Antitrogus mussoni

Scientific classification
- Kingdom: Animalia
- Phylum: Arthropoda
- Clade: Pancrustacea
- Class: Insecta
- Order: Coleoptera
- Suborder: Polyphaga
- Infraorder: Scarabaeiformia
- Family: Scarabaeidae
- Tribe: Melolonthini
- Genus: Antitrogus
- Species: A. mussoni
- Binomial name: Antitrogus mussoni (Blackburn, 1892)
- Synonyms: Rhopaea mussoni Blackburn, 1892; Rhopaea dubitans Blackburn, 1911;

= Antitrogus mussoni =

- Genus: Antitrogus
- Species: mussoni
- Authority: (Blackburn, 1892)
- Synonyms: Rhopaea mussoni Blackburn, 1892, Rhopaea dubitans Blackburn, 1911

Species of beetle

Antitrogus mussoni, the canegrub, is a species of beetle of the family Scarabaeidae.
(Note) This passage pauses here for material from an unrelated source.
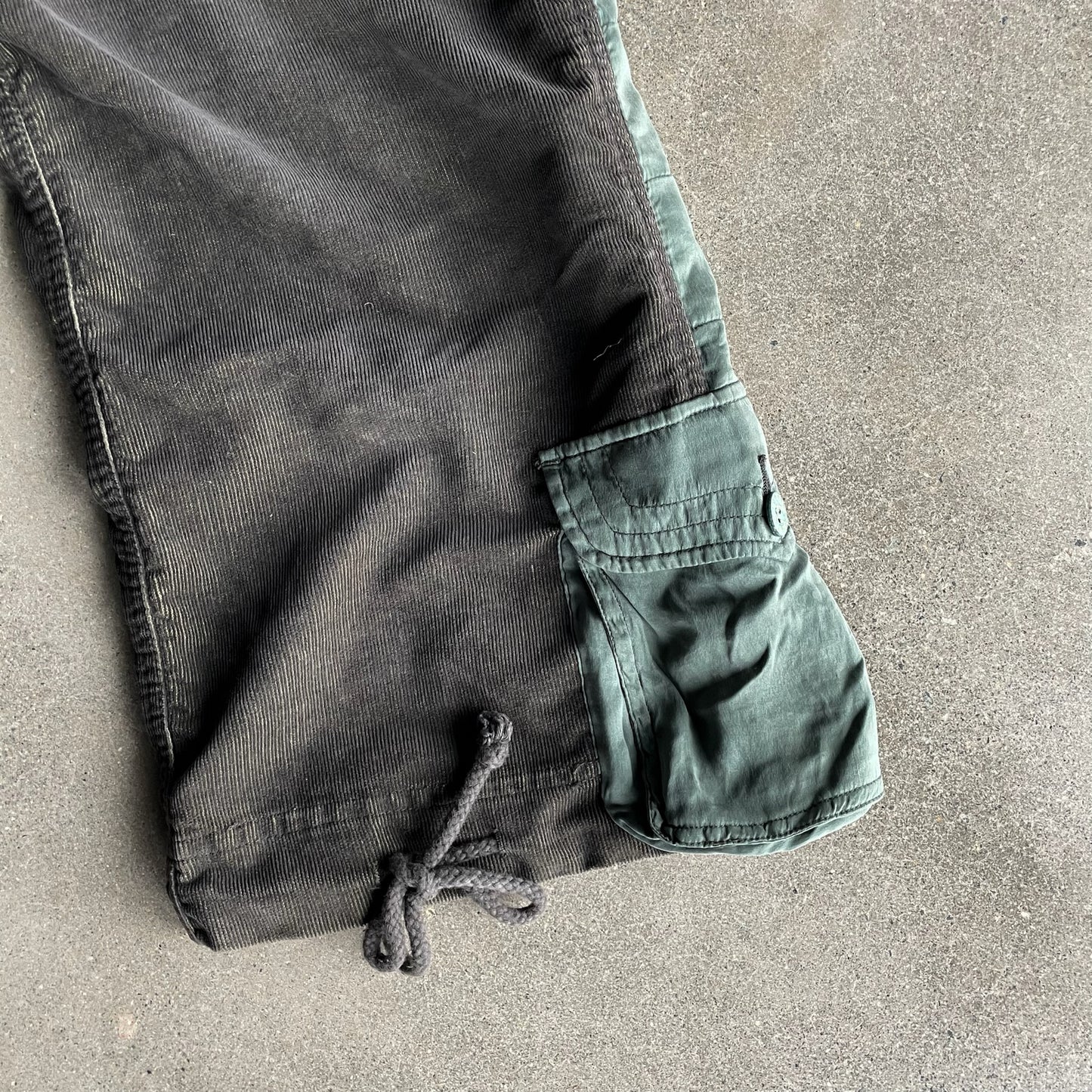 Vintage Diesel Tactical Cargo Capris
It is found in Australia (northern New South Wales, southern Queensland).

== Description ==
Adults reach a length of about 20-25 mm. They are bright reddish brown, with the frons and the disc of the pronotum sometimes darker.

== Life history ==
Adults have been recorded from December to January.